There have been some recent talk about the nightly heal and can on occasion (usually when a node is misbehaving) hang the network and in some cases knocking the network completely offline. Here is one thread where Chris comments on the nightly heal
Also please check the thread Bruce linked to for info about the remove node in habmin and using zensys tool. Mark and Chris have been working on getting habmin to function better at getting rid of died/ghost nodes
if you consider your issue fixed please mark the thread title as [SOLVED] and put a check mark in the thread that helped you fix the issue
In my case: I’ve checked all nodes with “zensys tool 4.7” and “Z-Wave PC Controller 5.38” by sending a NOP to all nodes. All were responding. None is failed. And it worked for 10 months without any problems. But since I made update to Snapshot 1731 and after first network heal, the troubles began.
That is a new and terrible bug. This was never the case before M3.
I do not, and I will not know for certain for at least 24 hours.
I know @5iver had some issues related to healing a while ago, before M3 IIRC.
I reported the same/similar before 2.5M2 as something that should be considered a blocker…
thank you for that and let us know. Do you already have you logs set to debug?
if you need to know how check here then
Thank you. When I had discovered it was broken for me in M3, I tried unsuccessfully to find if someone had a similar issue, but didn’t have time to thoroughly look into it. I have no idea why, but I opted to roll back to M1 instead of M2, so I was unaware if the issue affected M2. So all I knew was the issue existed in M3, but not M1.
I do now… Thank you for the reminder.
I’m not sure to understand what M1-2-3-4 means … I have 2.5.0~S1733-1 (Build #1733) on openhabian and I can say this bug is not visible (at the moment).

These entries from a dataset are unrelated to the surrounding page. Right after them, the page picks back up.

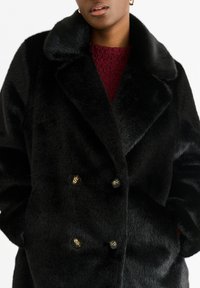 Double-breasted black faux fur coat with a wide collar and gold-tone buttons. The coat features a soft texture and a relaxed fit.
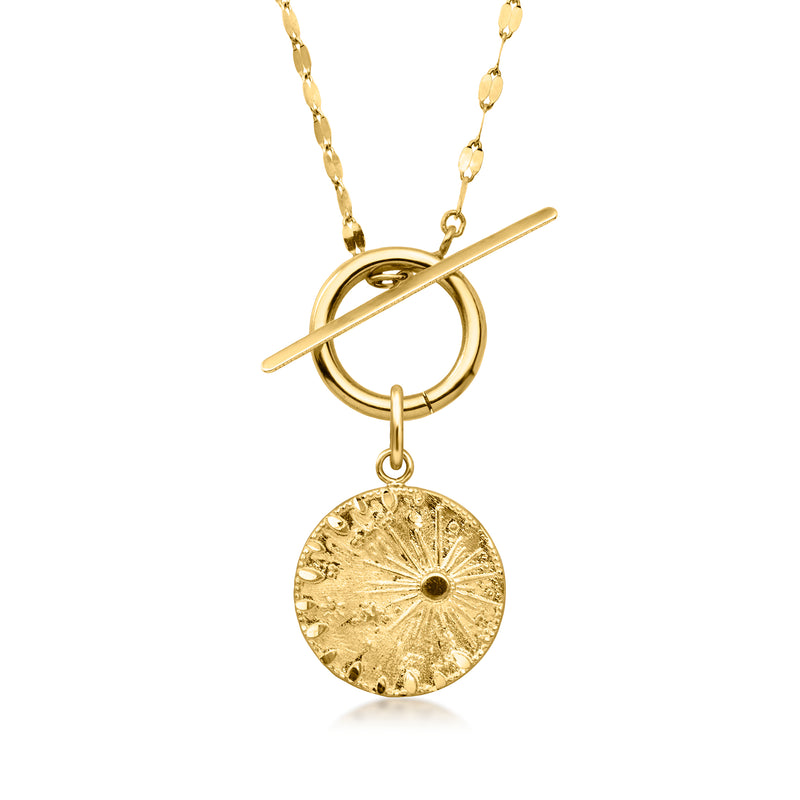 Yellow gold celestial charm pendant with sunburst design on a layered necklace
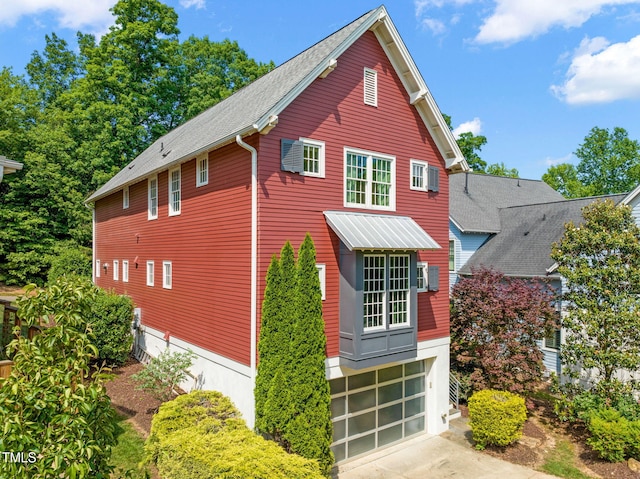 129 Ruskin Dr, Chapel Hill, NC 27516 - view of home's exterior featuring a garage and concrete driveway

No issues so far with zwave
I have the same USB key … and healing at 2 AM … updated yesterday so I’ve already passed this point
There are current release versions of OpenHAB.
The stable release, normally released every 6 months, is currently
2.4 released late last year.
The Testing releases, also known ad Milestone releases are released every month.

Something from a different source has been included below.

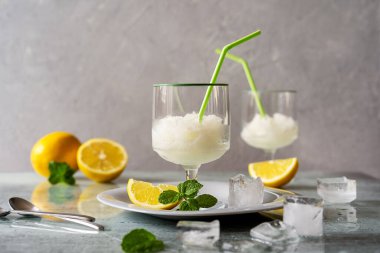 Limonlu, buzlu, nane yapraklı ve gri arka planda pipetli iki bardak limon şerbeti.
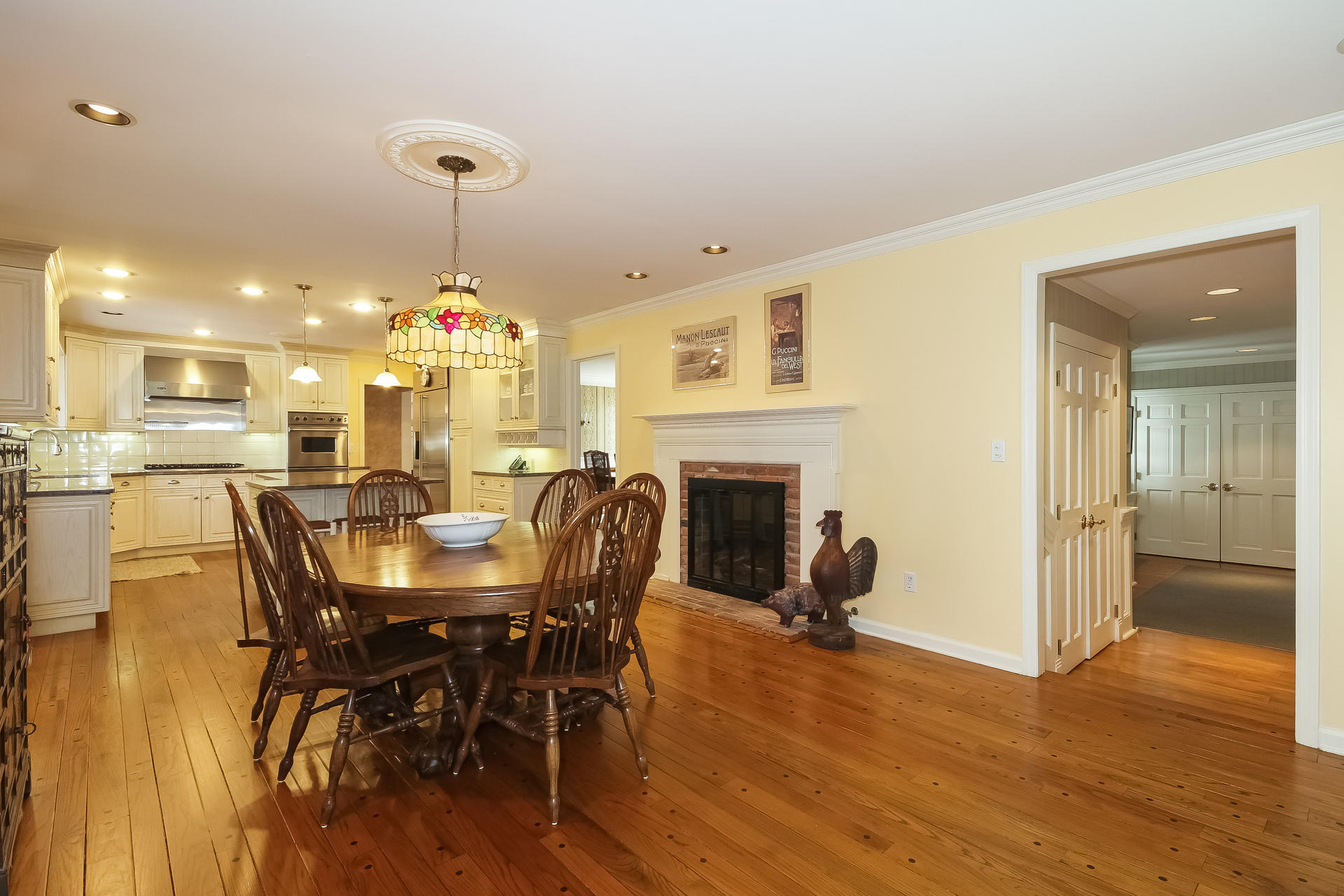 447 Valley Road New Canaan, CT 06840 - Photo 12 of 49 a view of a dining room with furniture and wooden floor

2,5 Milestone 4 is the current version.
The Unstable, or Snapshot releases are built & released every night and are only designed for developers to test all pieces working together. Snapshot releases are not expected to totally work or be stable.

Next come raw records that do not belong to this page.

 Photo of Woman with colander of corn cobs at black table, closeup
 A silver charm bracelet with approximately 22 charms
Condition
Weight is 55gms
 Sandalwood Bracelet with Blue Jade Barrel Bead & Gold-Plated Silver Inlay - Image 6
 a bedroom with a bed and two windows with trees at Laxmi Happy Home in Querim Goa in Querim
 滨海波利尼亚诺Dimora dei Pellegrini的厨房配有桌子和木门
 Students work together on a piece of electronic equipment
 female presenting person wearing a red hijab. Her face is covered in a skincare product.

OK folks… before we all grab our pitchforks and start calling this a bug… this is common traits of a failed node. Sometimes when things are working good for a long time and we upgrade and things suddenly break, it is easy to blame the upgrade itself, when in fact, it is a low battery, node slightly out of range or whatever edge case. In a system with a lot of nodes, it could have gone unnoticed previously.
I have not finished my investigations because of time constraints. I’ll post the results here as soon as I find the exact reason.
The issues (#1195, #1178) you reported on Github are still open.
If it turns out that they still exist in M2, M3, M4 and snapshots, why has not it been resolved so far, or why was it decided to publish the milestones anyway?
I did not report the first, and it was a known issue. The second one was mine. My workaround was to disable the daily network heal and restarting OH. I can still heal individual devices, if needed.
It’s a rare issue, possibly related to large networks (>120 devices). Chris is extremely busy, and with all the changes this year, the IDE is not what it was, especially when it comes to debugging.
I’m not the right person to ask, but the 2.5M2 preparation topic may shed some light on that.
I only have 10 nodes. (1 controller, 1 repeater, 5 FLiRS and 3 “non listening” nodes (=3x motion sensor)) . Only the last 3 make troubles after “daily healing”.
The workaround to both issues is easy. Just disable the nightly heal. My network of about 100 nodes has been running fine without the nightly heal for a couple months.
Did you do a manual heal for each node? How often? How do you know if it’s neccessary? Do you restart OH server each time?
I’d do that if necessary, but I haven’t needed to do it yet. My network is pretty stable. If I add some new nodes I might need to do it. If I see a node starting to become flaky, I might try running a heal on that node. But I haven’t needed to do that either.